Defense Environment Alert

an exclusive biweekly report on defense policies for cleanup, compliance and pollution prevention

 


Vol. 16, No. 16

August 5, 2008

 

DISPUTED COMPLIANCE ORDER AT PUEBLO RISKS SCHEDULE, ACTIVISTS SAY

The Defense Department's dispute of a Colorado hazardous waste compliance order mandating the destruction of chemical weapons at an Army facility in Pueblo, CO, by 2017, is alarming citizen activists who claim the legal wrangling between the state and DOD could be counterproductive and result in delays to the destruction schedule.

Both DOD and the Army are disputing a compliance order related to the storage of chemical weapons, filing an appeal of the order on July 15 to Colorado's administrative courts and requesting a hearing be held. No hearing has yet been scheduled. Relevant documents are available on InsideEPA.com. See page 2 for details.

Colorado's Department of Public Health & Environment issued the order in June, requiring a deadline of 2017 for the destruction of hundreds of permitted containers of chemical munitions waste and thousands of stockpiled chemical munitions that are slated to be neutralized on-site. The date is four years ahead of DOD's latest schedule for the destruction at the site, but it matches congressional mandates that were put into force less than a year ago.

Colorado decided to issue the order now because of frustration over continuing schedule delays for the destruction of the weapons, and it wanted to be ahead of a DOD report to Congress on the options for meeting a 2017 destruction deadline, a state source has said.
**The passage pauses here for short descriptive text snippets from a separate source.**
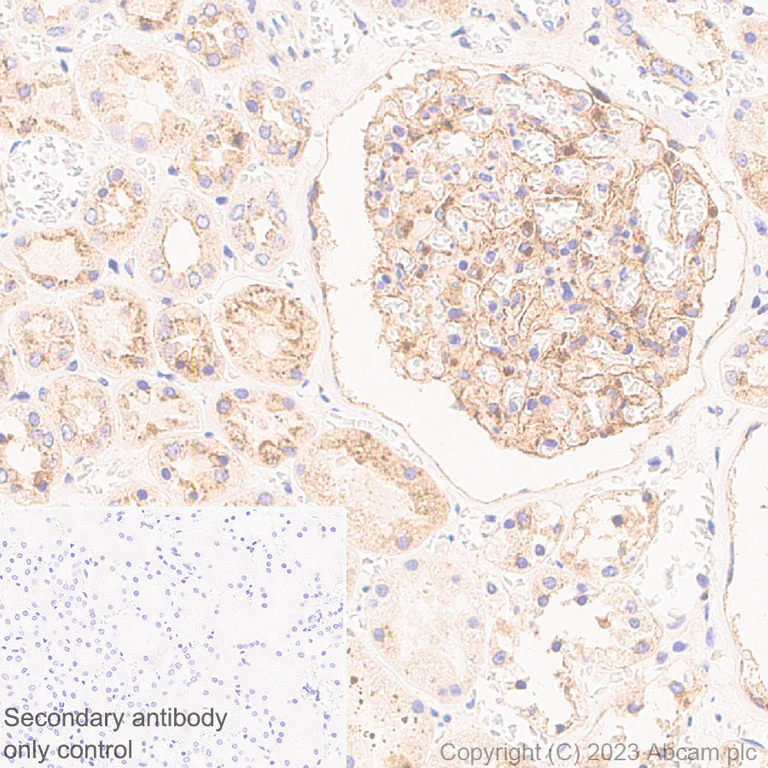 Immunohistochemistry (Formalin/PFA-fixed paraffin-embedded sections) - Anti-ITM2B antibody [EPR27849-60] - BSA and Azide free (AB314655)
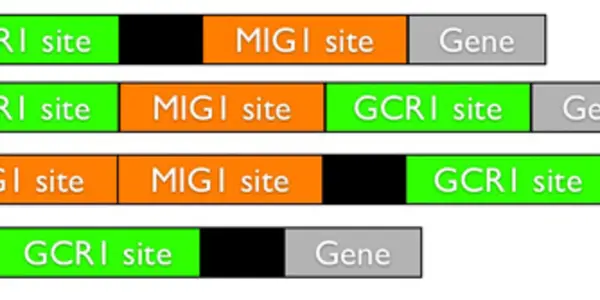 Going Beyond Nature's Limits to Learn the Logic of Gene Regulation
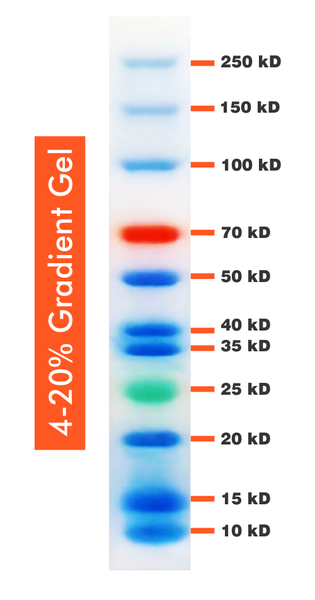 10-250kDa Wide Range Blue-Red-Green Three Color Protein Ladder ...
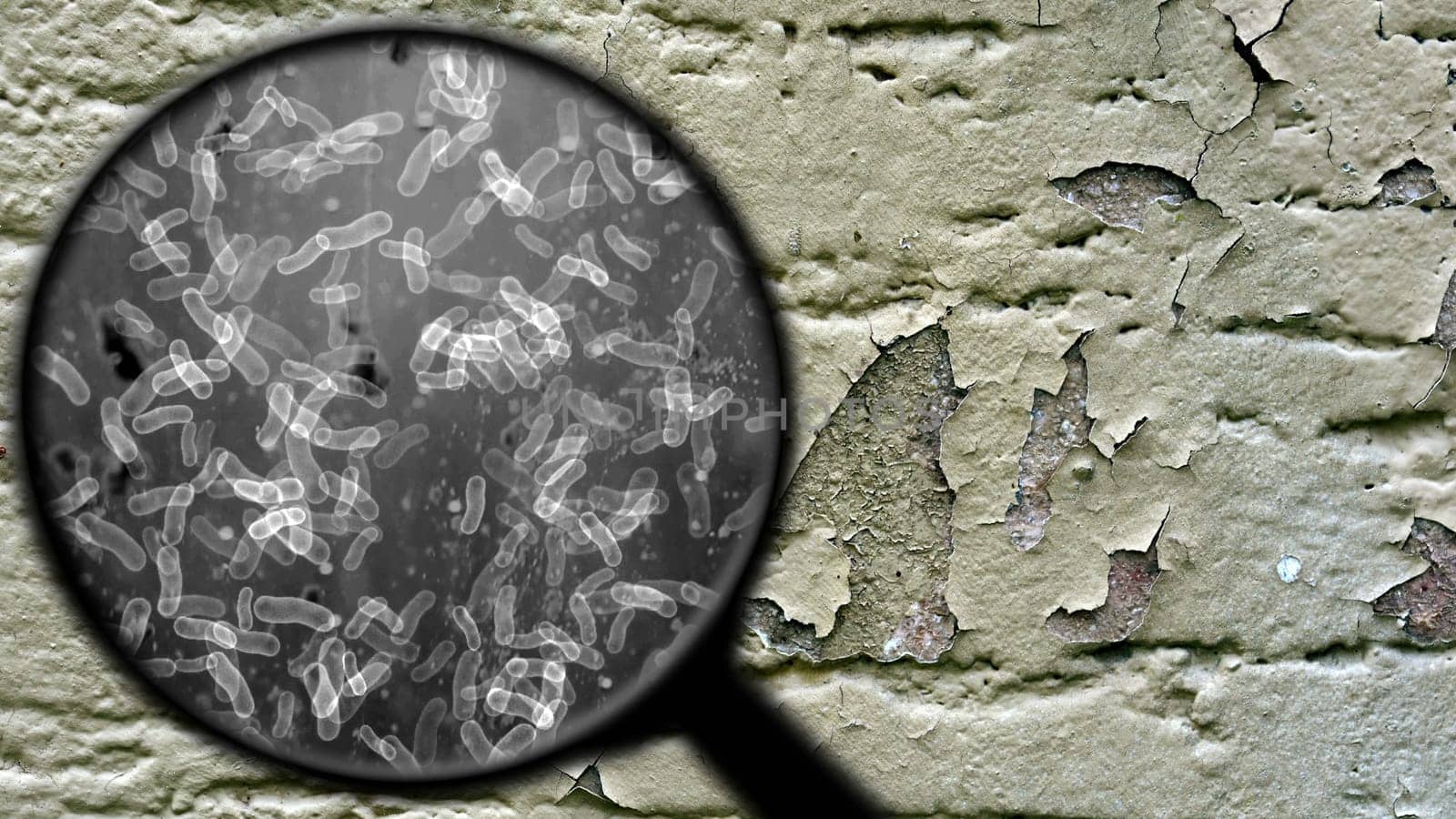 Searching for bacteria on surface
The order indicates the Pueblo Chemical Depot has long been out of compliance with state hazardous waste regulations that limit the amount of time hazardous waste may be stored.

With the appeal notice, Colorado now has two options. It can either proceed through the administrative legal review or withdraw the order and file suit in federal court over the matter. A spokesman for the Colorado attorney general's office did not respond to requests for comment on the direction the state plans to take.
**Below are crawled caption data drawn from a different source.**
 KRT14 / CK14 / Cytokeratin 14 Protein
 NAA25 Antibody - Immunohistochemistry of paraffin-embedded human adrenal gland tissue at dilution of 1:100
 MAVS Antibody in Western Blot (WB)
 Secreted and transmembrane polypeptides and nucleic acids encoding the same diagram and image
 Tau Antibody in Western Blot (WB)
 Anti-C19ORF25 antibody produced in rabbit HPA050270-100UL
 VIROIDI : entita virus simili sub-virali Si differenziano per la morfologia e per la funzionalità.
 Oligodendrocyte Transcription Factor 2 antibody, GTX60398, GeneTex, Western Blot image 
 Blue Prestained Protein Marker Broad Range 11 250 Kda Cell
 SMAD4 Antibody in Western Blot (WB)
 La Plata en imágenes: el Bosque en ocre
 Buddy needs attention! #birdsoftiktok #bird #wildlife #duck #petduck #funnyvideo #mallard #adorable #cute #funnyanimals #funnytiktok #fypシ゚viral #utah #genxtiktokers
Pueblo is one of the last chemical weapons stockpile sites at which DOD is scheduled to finish destroying its weapons, and falls under DOD's Assembled Chemical Weapons Alternatives (ACWA) program, which is destroying the weapons through neutralization, rather than the traditional incineration method.

A spokeswoman for the ACWA program says in response to written questions that the Army and DOD are still determining their line of argument in the appeal. She says the appeal is not expected to alter the demilitarization schedule.

But a citizen activist fears delays could result, with the possibility of legal rulings that suspend the program at the site. This source believes the "underlying message" the state had via the compliance order "has been delivered and received" by the military. "I think it's risky for either party to engage in a legal struggle that could have a far more negative impact on the execution of the program than whether or not there is agreement reached on this
compliance order by the parties."

While Congress has recently established 2017 as a federal legal deadline for destroying the country's chemical weapons, Colorado's order would also make that deadline enforceable by the state. But the Colorado state source has said the sticking point between the state and military has not been over making 2017 an enforceable deadline but over making interim timelines leading up to that date enforceable. By requiring the interim deadlines, the state did not want to allow the project to get so far off course that officials would be unable to take interim measures, the source has said.

A much anticipated DOD report released to Congress June 30 indicated the Defense Department is still weighing options for meeting the 2017 deadline at its two ACWA sites, including whether to accelerate the program or to push the highly controversial move of transferring weapons at the two sites to other destruction facilities (Defense Environment Alert, July 8).

Chemical weapons storage issues also recently arose again at the second ACWA site, the Blue Grass Army Depotin Lexington, KY. Sens. Mitch McConnell (R) and Jim Bunning (R) and Rep. Ben Chandler (D), all representingKentucky, wrote a letter to the head of the Army's Chemical Materials Agency (CMA), Conrad Whyne, July 24,expressing concern over a recent chemical agent leak at Blue Grass something that has occurred in the past as
well. The lawmakers ask Whyne to adopt additional monitoring measures at the facility.

A spokesman for CMA, which oversees storage at the site, says at issue is a one-ton container of GB agent mixed with various decontamination solutions. Measures have already been taken to guard against such leaks and better monitor for them. "All of our monitoring systems are state of the art," he says. He says CMA plans to address the lawmakers' request. The ACWA program is also looking to eliminate the risks of the leaking container through its so-called Operation Swift Solution.